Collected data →
=-=-=-=-=

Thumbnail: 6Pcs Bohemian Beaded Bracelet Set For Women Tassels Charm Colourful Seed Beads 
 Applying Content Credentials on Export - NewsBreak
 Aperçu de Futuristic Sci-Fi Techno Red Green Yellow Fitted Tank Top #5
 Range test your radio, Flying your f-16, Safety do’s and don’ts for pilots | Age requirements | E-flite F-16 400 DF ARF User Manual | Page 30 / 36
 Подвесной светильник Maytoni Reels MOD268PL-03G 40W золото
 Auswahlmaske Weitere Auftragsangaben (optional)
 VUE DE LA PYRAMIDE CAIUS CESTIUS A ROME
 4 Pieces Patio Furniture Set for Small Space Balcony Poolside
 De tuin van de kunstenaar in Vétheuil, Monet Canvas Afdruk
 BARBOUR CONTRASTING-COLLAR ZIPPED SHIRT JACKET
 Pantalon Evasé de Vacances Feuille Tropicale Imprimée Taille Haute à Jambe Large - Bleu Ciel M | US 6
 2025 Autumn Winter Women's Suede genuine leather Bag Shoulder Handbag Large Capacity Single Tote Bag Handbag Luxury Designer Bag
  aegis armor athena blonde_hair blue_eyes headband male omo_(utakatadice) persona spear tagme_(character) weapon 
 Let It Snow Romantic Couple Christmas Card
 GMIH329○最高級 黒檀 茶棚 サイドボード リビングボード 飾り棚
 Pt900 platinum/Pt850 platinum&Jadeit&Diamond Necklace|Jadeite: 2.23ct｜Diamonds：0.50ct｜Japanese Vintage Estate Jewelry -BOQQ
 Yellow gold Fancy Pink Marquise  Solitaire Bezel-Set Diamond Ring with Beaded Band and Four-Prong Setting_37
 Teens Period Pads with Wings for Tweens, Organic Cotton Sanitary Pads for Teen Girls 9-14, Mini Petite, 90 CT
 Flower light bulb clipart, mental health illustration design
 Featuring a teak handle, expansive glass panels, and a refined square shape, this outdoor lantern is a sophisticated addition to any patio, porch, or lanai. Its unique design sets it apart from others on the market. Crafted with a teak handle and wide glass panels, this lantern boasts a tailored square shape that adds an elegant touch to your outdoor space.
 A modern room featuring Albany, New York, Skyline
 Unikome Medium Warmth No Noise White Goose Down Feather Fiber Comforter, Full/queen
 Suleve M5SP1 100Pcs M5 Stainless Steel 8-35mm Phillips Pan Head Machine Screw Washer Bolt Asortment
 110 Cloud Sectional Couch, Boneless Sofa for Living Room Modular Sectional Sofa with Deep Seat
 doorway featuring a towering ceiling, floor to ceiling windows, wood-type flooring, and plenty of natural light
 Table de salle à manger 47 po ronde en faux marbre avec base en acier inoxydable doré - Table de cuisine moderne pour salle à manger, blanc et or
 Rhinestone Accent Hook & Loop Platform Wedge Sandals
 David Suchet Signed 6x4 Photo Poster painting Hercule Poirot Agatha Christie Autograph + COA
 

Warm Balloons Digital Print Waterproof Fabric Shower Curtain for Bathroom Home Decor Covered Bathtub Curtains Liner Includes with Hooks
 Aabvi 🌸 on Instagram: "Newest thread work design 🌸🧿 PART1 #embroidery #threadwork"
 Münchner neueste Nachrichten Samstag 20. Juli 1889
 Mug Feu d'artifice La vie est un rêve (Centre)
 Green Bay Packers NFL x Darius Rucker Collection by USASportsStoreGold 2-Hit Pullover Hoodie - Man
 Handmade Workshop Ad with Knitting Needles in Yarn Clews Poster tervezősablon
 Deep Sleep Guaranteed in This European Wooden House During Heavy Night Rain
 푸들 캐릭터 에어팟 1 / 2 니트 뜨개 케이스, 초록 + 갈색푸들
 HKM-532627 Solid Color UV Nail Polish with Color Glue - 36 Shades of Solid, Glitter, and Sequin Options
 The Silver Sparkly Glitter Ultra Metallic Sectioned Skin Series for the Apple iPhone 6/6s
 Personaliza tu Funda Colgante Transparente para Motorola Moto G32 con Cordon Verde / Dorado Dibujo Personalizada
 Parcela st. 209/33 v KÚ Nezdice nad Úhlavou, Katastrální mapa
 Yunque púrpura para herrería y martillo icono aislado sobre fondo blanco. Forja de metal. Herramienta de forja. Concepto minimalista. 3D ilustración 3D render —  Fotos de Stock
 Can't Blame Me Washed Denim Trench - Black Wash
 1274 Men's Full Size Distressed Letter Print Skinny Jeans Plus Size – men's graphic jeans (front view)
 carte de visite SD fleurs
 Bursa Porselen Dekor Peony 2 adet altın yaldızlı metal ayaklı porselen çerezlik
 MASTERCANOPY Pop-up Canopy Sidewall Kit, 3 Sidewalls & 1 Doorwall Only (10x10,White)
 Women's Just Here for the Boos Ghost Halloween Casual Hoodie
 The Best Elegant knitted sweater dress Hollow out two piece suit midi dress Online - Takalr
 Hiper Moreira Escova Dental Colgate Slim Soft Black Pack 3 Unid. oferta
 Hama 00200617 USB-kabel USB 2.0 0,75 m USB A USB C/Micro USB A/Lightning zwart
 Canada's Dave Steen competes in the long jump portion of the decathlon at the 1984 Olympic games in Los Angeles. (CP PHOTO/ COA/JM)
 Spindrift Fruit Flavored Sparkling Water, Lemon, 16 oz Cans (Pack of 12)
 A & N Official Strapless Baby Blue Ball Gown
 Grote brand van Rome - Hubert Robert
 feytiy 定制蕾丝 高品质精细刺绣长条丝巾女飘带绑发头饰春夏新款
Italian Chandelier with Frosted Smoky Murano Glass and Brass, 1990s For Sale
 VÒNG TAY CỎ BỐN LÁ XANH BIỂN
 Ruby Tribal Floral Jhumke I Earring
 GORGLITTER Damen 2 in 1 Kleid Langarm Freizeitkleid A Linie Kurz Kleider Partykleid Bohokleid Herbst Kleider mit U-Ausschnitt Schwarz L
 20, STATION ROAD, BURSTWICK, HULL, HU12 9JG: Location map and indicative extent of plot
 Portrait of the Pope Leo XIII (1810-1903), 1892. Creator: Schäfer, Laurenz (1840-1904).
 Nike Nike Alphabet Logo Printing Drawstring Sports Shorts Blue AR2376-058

=-=-=-=-=

WHAT TO WORK ON → Each line from the top of the data, up to and including the line that contains "doorway featuring a", should be set down exactly.

THE COMPLETED TASK →
Thumbnail: 6Pcs Bohemian Beaded Bracelet Set For Women Tassels Charm Colourful Seed Beads 
 Applying Content Credentials on Export - NewsBreak
 Aperçu de Futuristic Sci-Fi Techno Red Green Yellow Fitted Tank Top #5
 Range test your radio, Flying your f-16, Safety do’s and don’ts for pilots | Age requirements | E-flite F-16 400 DF ARF User Manual | Page 30 / 36
 Подвесной светильник Maytoni Reels MOD268PL-03G 40W золото
 Auswahlmaske Weitere Auftragsangaben (optional)
 VUE DE LA PYRAMIDE CAIUS CESTIUS A ROME
 4 Pieces Patio Furniture Set for Small Space Balcony Poolside
 De tuin van de kunstenaar in Vétheuil, Monet Canvas Afdruk
 BARBOUR CONTRASTING-COLLAR ZIPPED SHIRT JACKET
 Pantalon Evasé de Vacances Feuille Tropicale Imprimée Taille Haute à Jambe Large - Bleu Ciel M | US 6
 2025 Autumn Winter Women's Suede genuine leather Bag Shoulder Handbag Large Capacity Single Tote Bag Handbag Luxury Designer Bag
  aegis armor athena blonde_hair blue_eyes headband male omo_(utakatadice) persona spear tagme_(character) weapon 
 Let It Snow Romantic Couple Christmas Card
 GMIH329○最高級 黒檀 茶棚 サイドボード リビングボード 飾り棚
 Pt900 platinum/Pt850 platinum&Jadeit&Diamond Necklace|Jadeite: 2.23ct｜Diamonds：0.50ct｜Japanese Vintage Estate Jewelry -BOQQ
 Yellow gold Fancy Pink Marquise  Solitaire Bezel-Set Diamond Ring with Beaded Band and Four-Prong Setting_37
 Teens Period Pads with Wings for Tweens, Organic Cotton Sanitary Pads for Teen Girls 9-14, Mini Petite, 90 CT
 Flower light bulb clipart, mental health illustration design
 Featuring a teak handle, expansive glass panels, and a refined square shape, this outdoor lantern is a sophisticated addition to any patio, porch, or lanai. Its unique design sets it apart from others on the market. Crafted with a teak handle and wide glass panels, this lantern boasts a tailored square shape that adds an elegant touch to your outdoor space.
 A modern room featuring Albany, New York, Skyline
 Unikome Medium Warmth No Noise White Goose Down Feather Fiber Comforter, Full/queen
 Suleve M5SP1 100Pcs M5 Stainless Steel 8-35mm Phillips Pan Head Machine Screw Washer Bolt Asortment
 110 Cloud Sectional Couch, Boneless Sofa for Living Room Modular Sectional Sofa with Deep Seat
 doorway featuring a towering ceiling, floor to ceiling windows, wood-type flooring, and plenty of natural light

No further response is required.